As usual, the MSM gets it wrong. More info I just found:
The American people needed to know these reservations, and I requested that an unclassified, public version of the NIE be prepared. On Oct. 4, Tenet presented a 25-page document titled "Iraq's Weapons of Mass Destruction Programs." - Statement of Sen. Bob Graham (D-FL).
IOW, Bush didn't authorize anything, Tenet did and the info was public in Oct 2002.
Note that Wilson no longer says his wife was "covert", which would make her "outing" illegal under the Intelligence Identites Protection Act. Now Plame was/is merely "classified", like the 20,000 other federal employess in DC Metro with any kind of security clearance. In other words, Wilson now half-admits that no crime was committed.
As a consequence, Wilson now asserts that some kind of "administrative" security violation was nonetheless committed by whomever said that Plame worked at CIA. In typical Wilson fashion, he doesn't explain how this "administrative" violation would come about. You can read the DCI/D classification regulations all day and not find an answer to that. In any case, for one cleared federal employee that say that another "works at CIA/NSA/NRO" is hardly an unusual event. It's more a breach of clearance etiquette than anything else, not a "national security violation," which is a fabrication in Wilson's mind.
WILSON: Well, it certainly makes the case that my wife was a classified officer and, therefore, the leak of her name is a violation of national security. Whether that can be prosecuted and other relevant acts, I have no idea. But at a minimum, it's a violation of national security. There are administrative procedures for that.

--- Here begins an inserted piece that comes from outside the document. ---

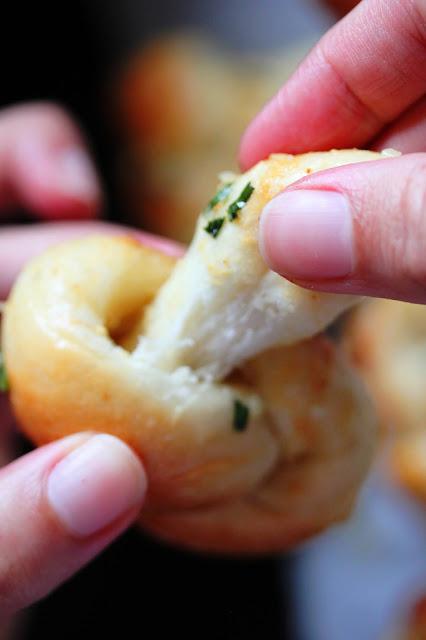 Vegan garlic knot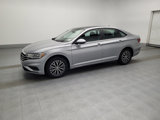 Used 2021 Volkswagen Jetta SE image 2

BLITZER: But Patrick Fitzgerald is not going after that. He's going after the -- he's simply investigating, at least based on what he's charged so far, that Lewis "Scooter" Libby lied.
WILSON: Well, Mr. Fitzgerald has made it very clear and made it very clear in his press conference two things. One, justice would be served so long as somebody was prosecuted for a crime. And second, he made it very clear that the fact that Mr. Libby had perjured himself and had obstructed justice in the view of the special prosecutor, that had stymied his effort, really, to get to the bottom of the organic crime that he was -- that he was looking in to. But irrespective of whether he prosecutes on the crime, it's important to understand that if you're a classified officer -- and Mr. Fitzgerald has said that repeatedly, that Valerie was -- then the leaking of her name is a violation of the national security.
BLITZER: But why wouldn't somebody be prosecuted for that?
WILSON: Well, again, there may well be administrative sanctions. I think it's very clear if you look at the tact that Mr. Fitzgerald is taking, he's narrowing his prosecution of Mr. Libby to what -- what is, I think, prosecutable under the circumstances.